Exercise materials:
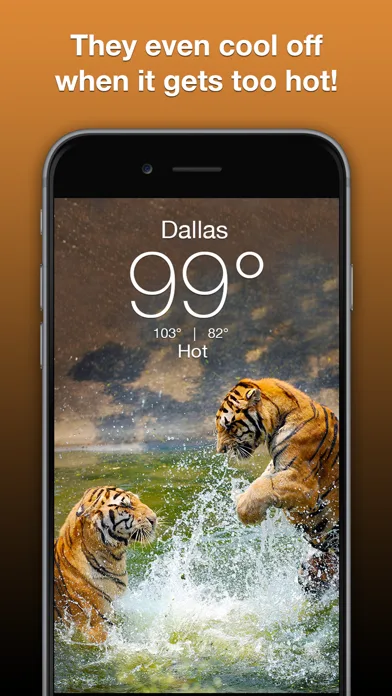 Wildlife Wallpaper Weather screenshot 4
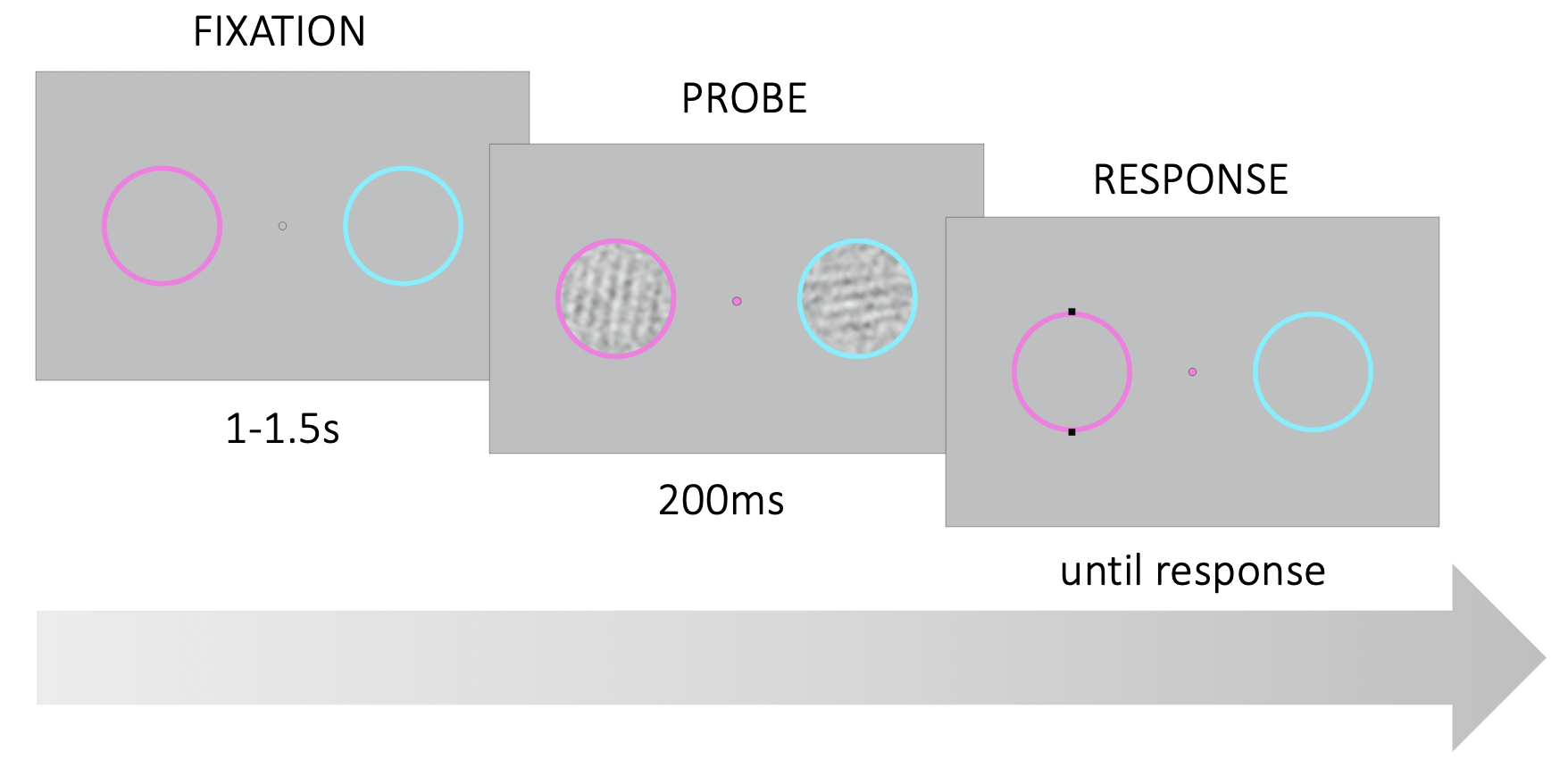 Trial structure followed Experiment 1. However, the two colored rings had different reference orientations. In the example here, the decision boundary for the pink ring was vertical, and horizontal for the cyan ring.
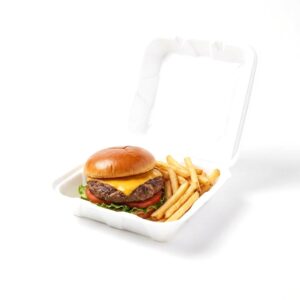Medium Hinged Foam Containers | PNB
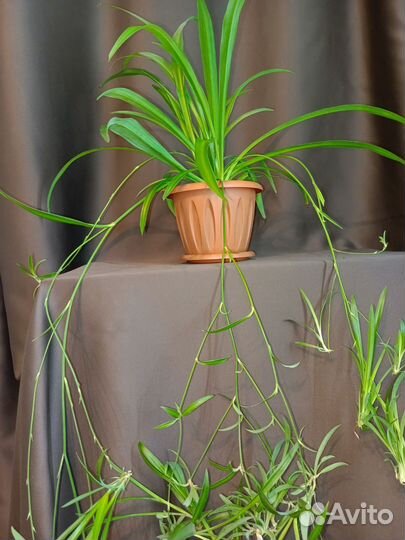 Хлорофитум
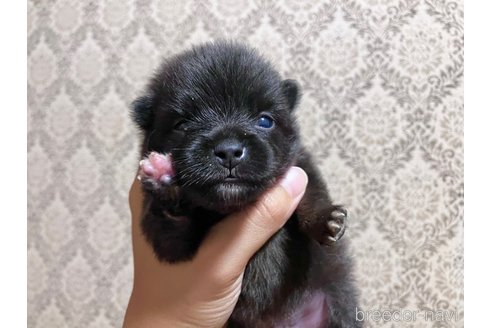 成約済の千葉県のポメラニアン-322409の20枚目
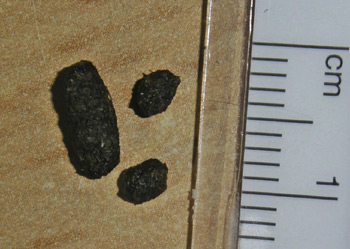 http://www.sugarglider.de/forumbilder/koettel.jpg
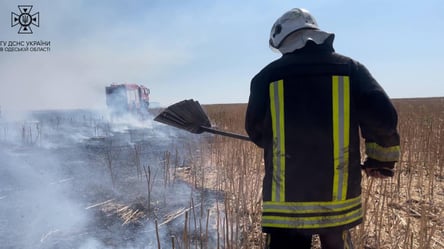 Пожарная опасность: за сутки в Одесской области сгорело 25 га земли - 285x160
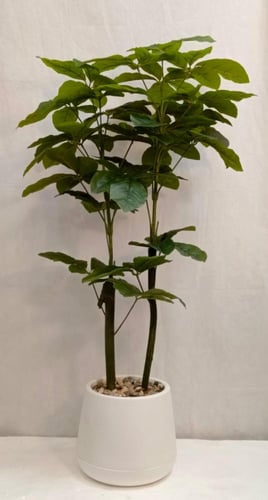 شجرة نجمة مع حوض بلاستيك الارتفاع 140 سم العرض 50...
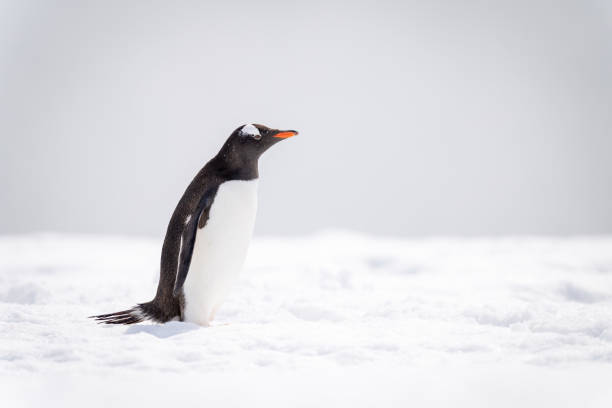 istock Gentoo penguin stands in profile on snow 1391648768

Aim of the exercise:
Could you repeat, exactly and with nothing else, the lines from the one containing "成約済の千葉県のポメラニアン-322409の20枚目" through the last line of the records above, leaving out the pictures?

Your response:
 成約済の千葉県のポメラニアン-322409の20枚目
 http://www.sugarglider.de/forumbilder/koettel.jpg
 Пожарная опасность: за сутки в Одесской области сгорело 25 га земли - 285x160
 شجرة نجمة مع حوض بلاستيك الارتفاع 140 سم العرض 50...
 istock Gentoo penguin stands in profile on snow 1391648768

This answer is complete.